Key questions
- What is Pilgrims' Way (Winchester to Canterbury)?
- Pilgrims' Way (Winchester to Canterbury) is a Christianity pilgrimage route in United Kingdom, Hampshire/Surrey/Kent. A North Downs road to Becket's shrine, walked for centuries and named, in part, by Victorian imagination
- How many stations are on Pilgrims' Way (Winchester to Canterbury)?
- This guide currently maps 12 stations, with 12 total sites noted in the route metadata.
- When is the best time to walk Pilgrims' Way (Winchester to Canterbury)?

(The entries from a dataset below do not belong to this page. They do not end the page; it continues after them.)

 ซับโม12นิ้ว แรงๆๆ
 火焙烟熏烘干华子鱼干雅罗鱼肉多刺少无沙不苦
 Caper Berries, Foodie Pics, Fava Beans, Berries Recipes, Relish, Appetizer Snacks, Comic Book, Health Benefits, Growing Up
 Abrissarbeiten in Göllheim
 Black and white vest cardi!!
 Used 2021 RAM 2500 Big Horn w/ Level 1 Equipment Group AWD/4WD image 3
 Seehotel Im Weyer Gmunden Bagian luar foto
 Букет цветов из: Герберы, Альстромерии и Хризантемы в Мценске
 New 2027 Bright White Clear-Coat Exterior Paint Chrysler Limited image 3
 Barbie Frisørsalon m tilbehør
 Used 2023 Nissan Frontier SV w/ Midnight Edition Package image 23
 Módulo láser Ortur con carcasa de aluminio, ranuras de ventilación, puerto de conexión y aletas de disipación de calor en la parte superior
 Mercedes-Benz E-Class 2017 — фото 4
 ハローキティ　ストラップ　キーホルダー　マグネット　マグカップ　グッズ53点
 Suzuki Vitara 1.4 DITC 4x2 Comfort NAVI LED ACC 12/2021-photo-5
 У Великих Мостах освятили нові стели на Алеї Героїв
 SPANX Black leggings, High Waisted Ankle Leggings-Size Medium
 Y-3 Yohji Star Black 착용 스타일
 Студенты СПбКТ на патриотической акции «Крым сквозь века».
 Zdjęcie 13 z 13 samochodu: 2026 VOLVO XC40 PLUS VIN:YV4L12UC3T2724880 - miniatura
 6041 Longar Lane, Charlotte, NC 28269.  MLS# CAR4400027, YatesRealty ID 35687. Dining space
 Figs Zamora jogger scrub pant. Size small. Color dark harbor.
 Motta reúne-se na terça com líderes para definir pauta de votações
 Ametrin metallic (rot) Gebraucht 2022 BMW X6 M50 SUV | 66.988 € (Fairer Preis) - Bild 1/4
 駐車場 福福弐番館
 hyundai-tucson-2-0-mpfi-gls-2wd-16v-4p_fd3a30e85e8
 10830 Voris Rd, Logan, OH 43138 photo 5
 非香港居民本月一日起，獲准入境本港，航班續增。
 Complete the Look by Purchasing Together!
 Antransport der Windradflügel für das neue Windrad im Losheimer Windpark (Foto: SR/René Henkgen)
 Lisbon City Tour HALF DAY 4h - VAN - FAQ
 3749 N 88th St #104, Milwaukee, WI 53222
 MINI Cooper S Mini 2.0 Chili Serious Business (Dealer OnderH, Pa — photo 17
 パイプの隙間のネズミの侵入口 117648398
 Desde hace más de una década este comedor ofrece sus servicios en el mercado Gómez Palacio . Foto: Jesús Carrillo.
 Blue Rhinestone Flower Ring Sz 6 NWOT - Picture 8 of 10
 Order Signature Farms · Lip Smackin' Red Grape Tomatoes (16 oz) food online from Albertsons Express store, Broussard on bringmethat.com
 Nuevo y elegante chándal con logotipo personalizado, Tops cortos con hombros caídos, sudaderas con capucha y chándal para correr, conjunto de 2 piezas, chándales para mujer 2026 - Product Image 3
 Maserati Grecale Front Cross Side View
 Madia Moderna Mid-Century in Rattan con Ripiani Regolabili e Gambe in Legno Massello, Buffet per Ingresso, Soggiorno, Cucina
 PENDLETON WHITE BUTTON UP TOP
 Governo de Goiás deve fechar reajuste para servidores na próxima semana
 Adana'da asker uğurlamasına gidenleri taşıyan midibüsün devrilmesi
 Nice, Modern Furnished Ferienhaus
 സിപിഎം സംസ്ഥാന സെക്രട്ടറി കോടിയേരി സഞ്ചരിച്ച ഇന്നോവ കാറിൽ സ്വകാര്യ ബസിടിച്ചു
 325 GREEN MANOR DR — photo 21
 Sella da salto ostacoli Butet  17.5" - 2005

- Spring and early autumn; the chalk downland paths can turn heavy underfoot in wet winter conditions
Opening
The road east from Winchester follows the chalk ridge of the North Downs for most of its length, climbing along a scarp that has carried travelers across southern England since long before any pilgrim walked it toward Canterbury. A modern walker retracing this line passes through New Alresford, over the Surrey Hills at St Martha-on-the-Hill, down through Reigate and Otford, past the ancient well at Kemsing, and on through Wrotham, Boxley, Charing, and Chilham before the final descent into Canterbury and its cathedral — twelve stations across a route whose surface, in most stretches, has been walked for far longer than it has been called by a pilgrim's name.
Origins
The trackway itself is far older than any Christian pilgrimage: archaeological evidence places a route along this scarp in use since at least the early Iron Age, and likely earlier, as one of the natural east-west corridors along the North Downs. The pilgrimage association grew specifically after the murder of Archbishop Thomas Becket in Canterbury Cathedral in 1170 and his rapid canonization in 1173, which turned Canterbury into one of medieval Christendom's most visited shrine destinations and gave travelers moving along the existing Hampshire-to-Kent trackway a devotional reason to be doing so. The name "Pilgrims' Way" itself, however, is a substantially later invention: nineteenth-century antiquarians, most influentially Albert Way of the Ordnance Survey in the 1850s, formally attached the name to specific stretches of the North Downs trackway with limited direct evidence that medieval Winchester-to-Canterbury pilgrims used precisely this alignment rather than other, more direct roads; the Kent Archaeological Society and subsequent scholarship have since re-examined this Victorian and Edwardian antiquarian enthusiasm and found the continuous single-route narrative considerably less certain than the name implies, even as the underlying prehistoric trackway and the historical fact of Canterbury pilgrimage are not in question.
Why pilgrims walk it
Walkers set out along this route today for reasons spanning devout Christian pilgrimage, historical curiosity, and simple long-distance walking. Practicing pilgrims, some organized through cathedral or diocesan groups, walk toward Canterbury with Becket's shrine and the wider tradition of English cathedral pilgrimage as their explicit purpose, often timing their arrival to coincide with feast days or cathedral services. Others are drawn by the landscape and history of the North Downs specifically, walking sections rather than the whole distance, more interested in Surrey's wooded hills or Kent's orchards than in any particular devotional outcome. A third group comes specifically to test the route's own contested history — walking with Chaucer's Canterbury Tales in mind, or curious to see for themselves how convincingly a nineteenth-century invented name sits over a genuinely ancient road. Chaucer's pilgrims, notably, are usually understood to have taken the more direct road from London rather than this Winchester approach, a detail that complicates but doesn't erase the route's broader claim on English pilgrimage memory.
Significance
Canterbury Cathedral's shrine to Becket made it, for roughly three and a half centuries until the shrine's destruction during the Reformation in 1538, one of the most significant pilgrimage destinations in northern Europe, drawing travelers along multiple roads from across England and the continent, of which the Winchester approach was only one. The route's layered history — a prehistoric trackway, a genuine medieval pilgrimage destination at its endpoint, and a Victorian antiquarian construction imposed on the connecting path between them — makes it a useful case study in how pilgrimage heritage gets assembled retrospectively; contemporary walkers benefit from a route that is honestly presented today by heritage bodies as historically layered rather than continuously ancient, which has if anything deepened rather than diminished its interest for many who walk it.